Выбрать главу

А тут случилось и еще несчастие. Беляны, по мере того как горели, становились все легче и легче, подымались из воды все выше, и одна за другой, благодаря течению, стали переваливать через мель. Перевалили и пошли о берег толкаться… Весь берег запылал. Все лесные пристани, склады, лесопилки, беляны, баржи, расшивы — все затрещало. А беляны плывут да плывут по течению, и ветром их около берега трет. Село Елынанское загорелось, за ним Купоросное. Оба выгорели, что называется, дотла. В Ельцинском только церковь и сохранилась, а в Купоросном школа. Мы так уж и решили, что от самого Царицына ничего не останется. Потому что как этакая штука горит, — ведь в беляне-то лесу больше чем на полтысячи вагонов, — то от нее и в ста саженях не убережешься. Однако, батюшки, господь небесный смилостивился… Пронесло мимо.

Рассказчик снял шапку и истово, с глубоким вздохом перекрестился. Потом вынул из шапки платок и медленно вытер лицо.

— Пишут, что убытку около десяти миллионов, — сказал я.

— Точно сказать невозможно-с. Мы так считаем, что миллионов на тринадцать набежит. Да ведь какие убытки-то! По миллиону и больше. О таких потерях, какую я, например, понес, даже и упоминать совестно.

— Значит, и вы тоже пострадали?

— Ну, моя беда пустяки: десять — двенадцать тысяч. Сравнительно с другими говорить не стоит. Вот Максимов больше чем на полтора миллиона потерял. А застрахован у него был один только лесопильный завод, в ста сорока шести тысячах.

— Почему же не был застрахован лес?

— Леса у нас ни одно общество не принимает. Да и невозможно-с. Как подъедем к Царицыну, вы сами увидите, что у нас на пристани творится. Клеть возле клети стоят так тесно, что насилу пролезешь, а между ними древесный сор, кора, мочалка. И тут же увидите, пьяный валяется, и трубка у него в зубах. Безобразие-с.

— Говорили что-то о поджогах?..

— Правда, что говорили, но улик веских нет. Один только случай был на днях несколько подозрительный. Рабочие сложили лес в вагоны и ушли. А через минут двадцать в вагонах загорелось точно само собой. Но по-настоящему ничего еще нельзя сказать.
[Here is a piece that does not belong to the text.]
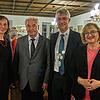 Gratulanten: Kommunaldezernentin Caren-Denise Sigg (Landratsamt), der neue Ehrenbürger Helmut Huber, Bürgermeister Michael Thater und ...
Он помолчал немного и продолжал веско и с убеждением:

— Главная причина — это наша общая халатность и беспорядок. Надзора нет никакого: ни полицейского, ни городского… Предупредительных мер на случай пожара тоже не существует. Нанимают, правда, лесопромышленники каких-то ночных сторожей из инвалидов, но от них нет никакого толку. Каждый из нас, из купцов, признает, что недурно было бы завести то и то: сторожей нанять надежных и трезвых, помпы держать про всякий случай, пожарные пароходы, кадушки с водой между клетями расставить, организовать береговую полицию, строго преследовать курение, ну и так далее. Но только спеться никак не можем. Во-первых, конкуренты, значит, — враги, а во-вторых — лень, халатность, отсутствие почина. Живем спустя рукава. И опять-таки беспорядок и безобразие-с. Выгружают лес как попало, где пришлось. Здесь, скажем, моя клеть, а рядом другая, а через тридцать сажен опять моя и еще в пятом и десятом месте. Вразброс. Ну, вот меня и берет досада: зачем же я буду для соседа стараться? Оттого и для себя-то никто ничего не заводит… Впрочем, надо надеяться, что авось теперь-то, после беды, за ум возьмутся.

— Вероятно, пожар не обошелся без человеческих жертв?

— К несчастью, да. Дело ведь ночное, внезапное. Теперь, впрочем, ничего еще пока не выяснено. Да и трудно: уж очень у нас много работает на пристанях пришлого люда. А что без крова остались многие, обнищали за одну ночь — это уж совсем верно. Слава богу, в городе теперь хлопочут об организации хоть временной помощи погорельцам…

Поезд круто поворачивает и идет вдоль по нагорному берегу Волги. Внизу, куда только хватает глаз, и влево и вправо, весь берег сплошь завален бревнами, досками, дровами. И только по огромности опустевшей площади можно судить о необычайных размерах пожара. Сгорело все, до последней соринки, черная зола, покрывающая пространство между необозримою сетью рельсов, одна напоминает о том, что несколько дней тому назад здесь кипела работа и возвышались тысячи штабелей прекрасного строевого леса… А на оставшихся не тронутыми огнем местах все так же полагается на волю божью и так же беззаботно покуривает «цыгарку» свою стихийный русский человек.